The form has a bunch of extra fields that we don’t need to fill, but the original site request included, so we’ll just add as empty values.
fData.append('companytypes[]', ''); fData.append('companynames[]', ''); fData.append('companyids[]', ''); fData.append('companydetails[]', ''); fData.append('contentratings[arg]', ''); fData.append('contentratings[arm]', ''); fData.append('contentratings[aus]', ''); fData.append('contentratings[bra]', ''); fData.append('contentratings[khm]', ''); fData.append('contentratings[can]', ''); fData.append('contentratings[chl]', ''); fData.append('contentratings[col]', ''); fData.append('contentratings[hrv]', ''); fData.append('contentratings[dnk]', ''); fData.append('contentratings[ecu]', ''); fData.append('contentratings[slv]', ''); fData.append('contentratings[fin]', ''); fData.append('contentratings[fra]', ''); fData.append('contentratings[deu]', ''); fData.append('contentratings[grc]', ''); fData.append('contentratings[hkg]', ''); fData.append('contentratings[hun]', ''); fData.append('contentratings[isl]', ''); fData.append('contentratings[ind]', ''); fData.append('contentratings[idn]', ''); fData.append('contentratings[irl]', ''); fData.append('contentratings[isr]', ''); fData.append('contentratings[ita]', ''); fData.append('contentratings[ltu]', ''); fData.append('contentratings[mys]', ''); fData.append('contentratings[mex]', ''); fData.append('contentratings[mar]', ''); fData.append('contentratings[nld]', ''); fData.append('contentratings[nzl]', ''); fData.append('contentratings[nor]', ''); fData.append('contentratings[per]', ''); fData.append('contentratings[phl]', ''); fData.append('contentratings[pol]', ''); fData.append('contentratings[prt]', ''); fData.append('contentratings[rou]', ''); fData.append('contentratings[rus]', ''); fData.append('contentratings[sgp]', ''); fData.append('contentratings[svk]', ''); fData.append('contentratings[svn]', ''); fData.append('contentratings[zaf]', ''); fData.append('contentratings[kor]', ''); fData.append('contentratings[esp]', ''); fData.append('contentratings[twn]', ''); fData.append('contentratings[tha]', ''); fData.append('contentratings[tur]', ''); fData.append('contentratings[ukr]', ''); fData.append('contentratings[usa]', ''); fData.append('contentratings[ven]', ''); fData.append('contentratings[gbr]', ''); fData.append('contentratings[jpn]', ''); fData.append('contentratings[swe]', '');
Now we can submit. I played with this a bit because it wasn’t accepting the input.
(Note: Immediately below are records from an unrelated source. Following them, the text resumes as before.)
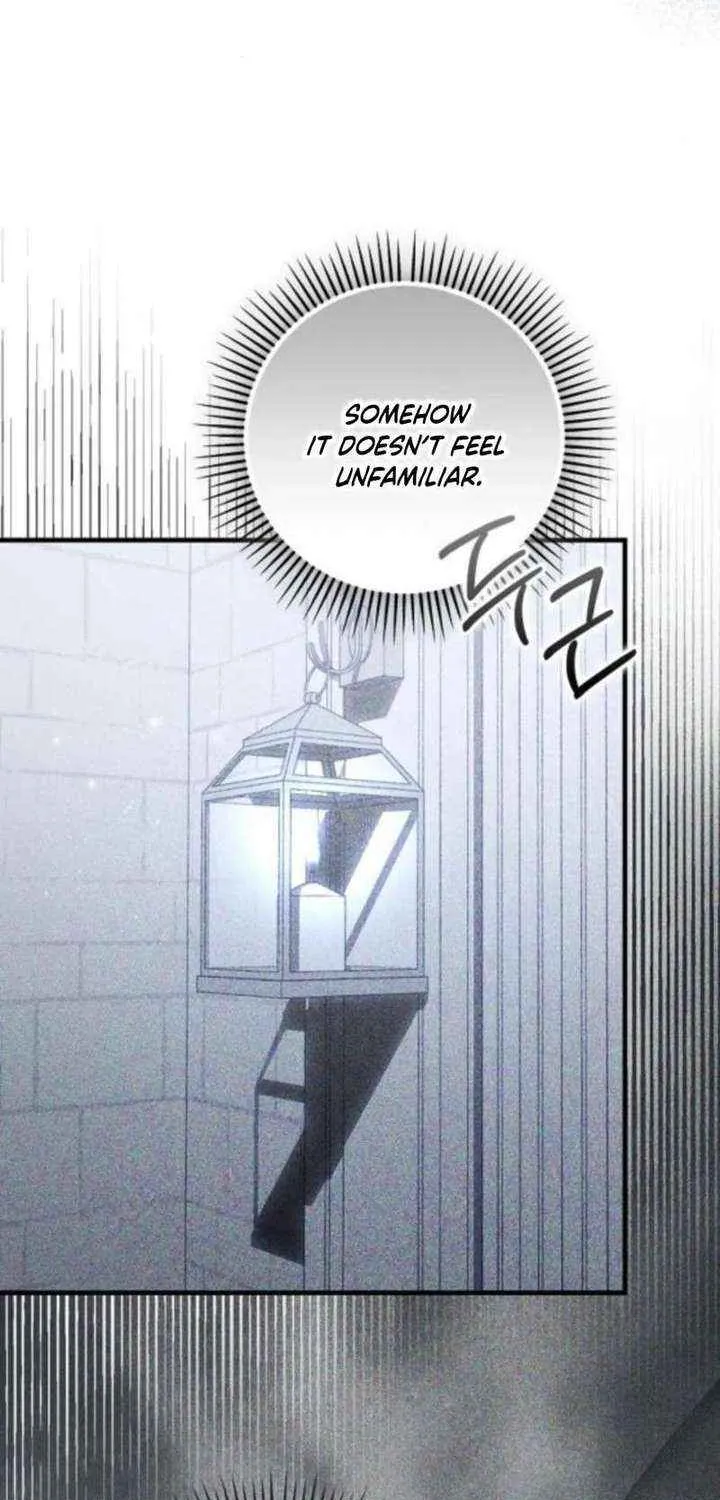 I Became the Mother of the Supporting Male Lead’s Son Chapter 47 page 26 - 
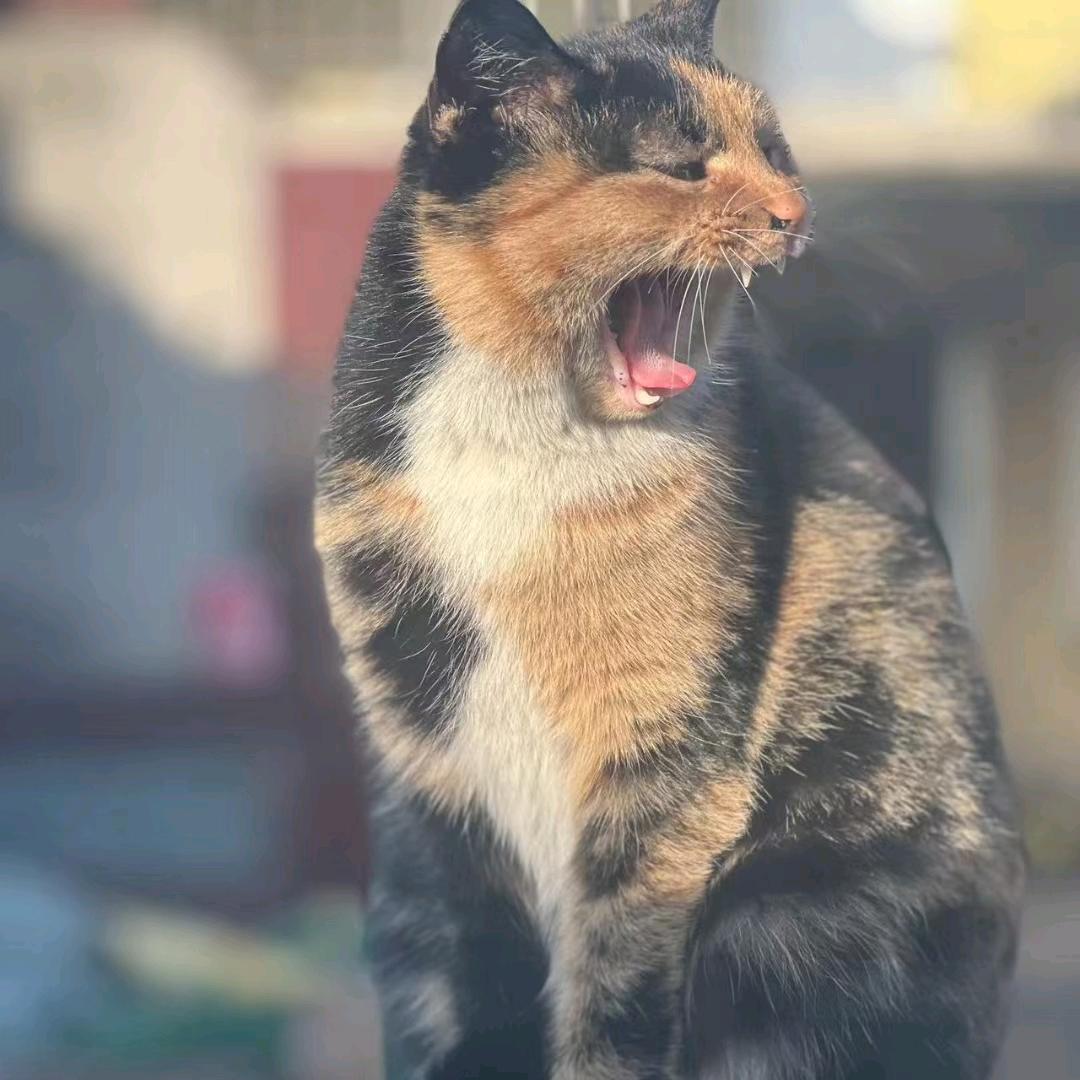 美多多玻璃制品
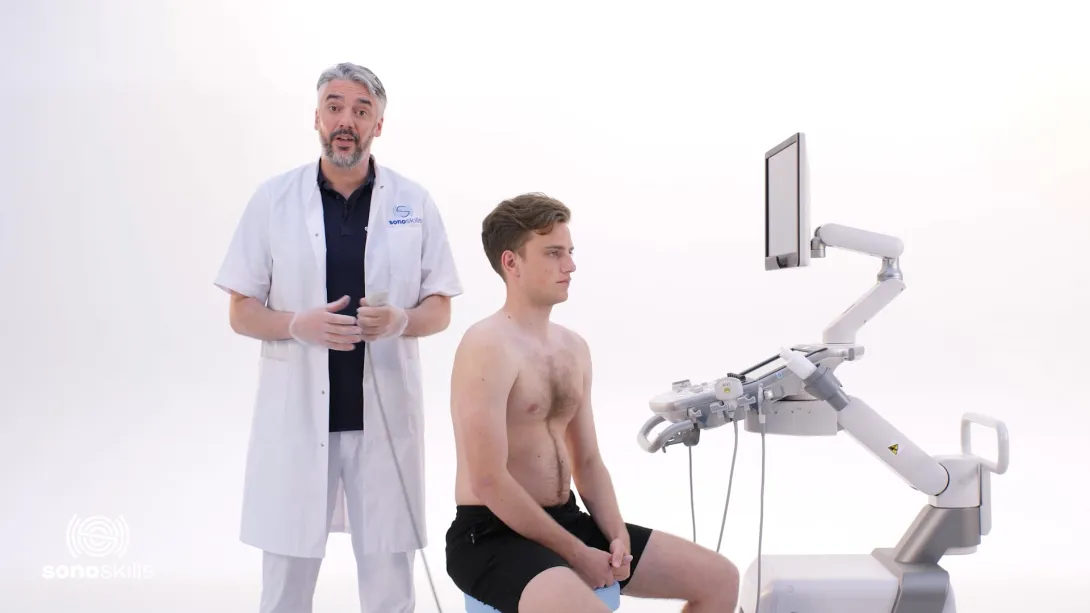 Supraspinatus tendon 3x active abduction - hands on LAX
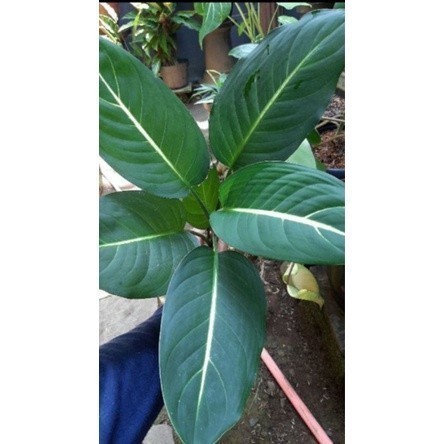 New Promo Tanaman hias sri rejeki - Diven hijau diffen unik dieffenbachia green star  Raja.bonggol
Seems automatic data processing (format? infer?) was failing, so we can just disable these particular features.
$.ajax({ url: document.location.href + '/savebulkadd', type: 'POST', data: fData, contentType: false, processData: false, cache: false }).fail(function(e) { console.error('[savebulkadd] error'); }).done(function(e) { if (e.success) { console.log('[savebulkadd] done - success', e); } else { console.log('[savebulkadd] done', e); } });
Conclusion
It can take some trial and error to get the right settings to replicate their add-episode requests, but once you do it’s not much work to do bulk submissions. The browser developer tools are great for reverse engineering this stuff from the network requests. Now I’m off to do some scrobbling!